**LISTED ENTRIES**
<<<<
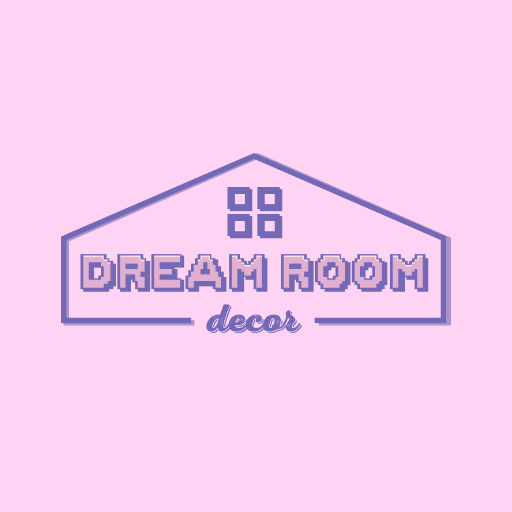 Games like Dream Room Decor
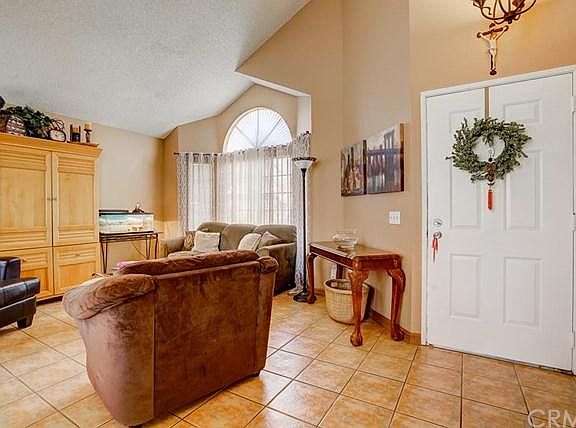 4th image of 25276 Ceremony Ave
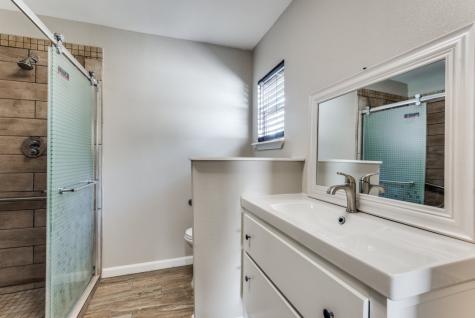 2505 Falls Drive Dallas TX 75211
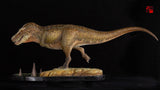 Cen DaoYi Studio  1:15 Scale Tyrannosaurus Rex Sue Statue Model Kit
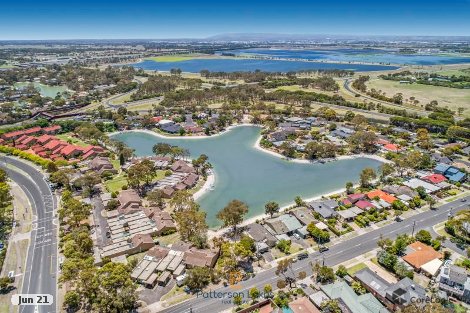 2/75-93 Gladesville Bvd, Patterson Lakes, VIC 3197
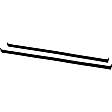 578-092 OE Solutions Series Fuel Tank Strap, Set of 2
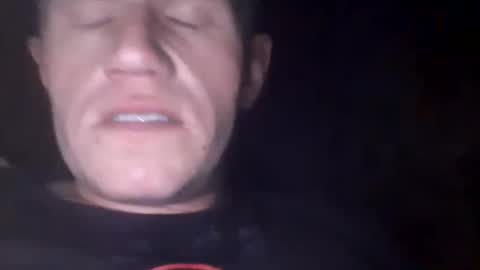 Hot88men online show from 7, 11, 2025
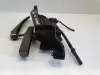 Range Rover Vogue L322 PRAWY MECHANIZM WYCIERACZKI LAMPY 1301329337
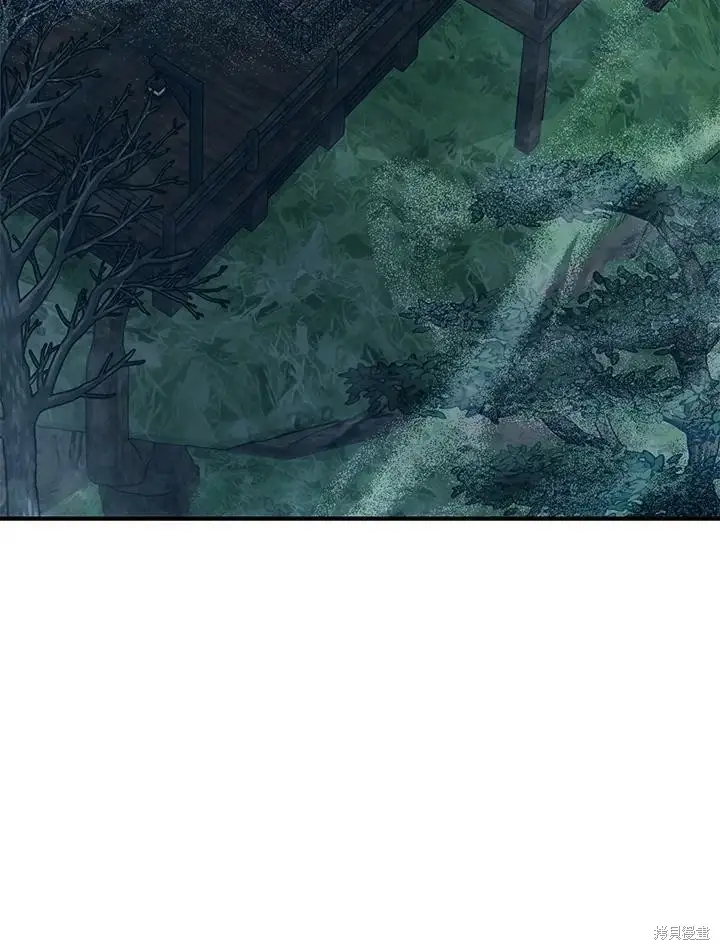 《暴君的精神安定剂》第47话图102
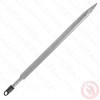 Пика (пробойник по камню) SDS PLUS 400*17мм Intertool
>>>>
Each entry above should be given again exactly, with its pictures omitted.

**TASK OUTPUT**
 Games like Dream Room Decor
 4th image of 25276 Ceremony Ave
 2505 Falls Drive Dallas TX 75211
 Cen DaoYi Studio  1:15 Scale Tyrannosaurus Rex Sue Statue Model Kit
 2/75-93 Gladesville Bvd, Patterson Lakes, VIC 3197
 578-092 OE Solutions Series Fuel Tank Strap, Set of 2
 Hot88men online show from 7, 11, 2025
 Range Rover Vogue L322 PRAWY MECHANIZM WYCIERACZKI LAMPY 1301329337
 《暴君的精神安定剂》第47话图102
 Пика (пробойник по камню) SDS PLUS 400*17мм Intertool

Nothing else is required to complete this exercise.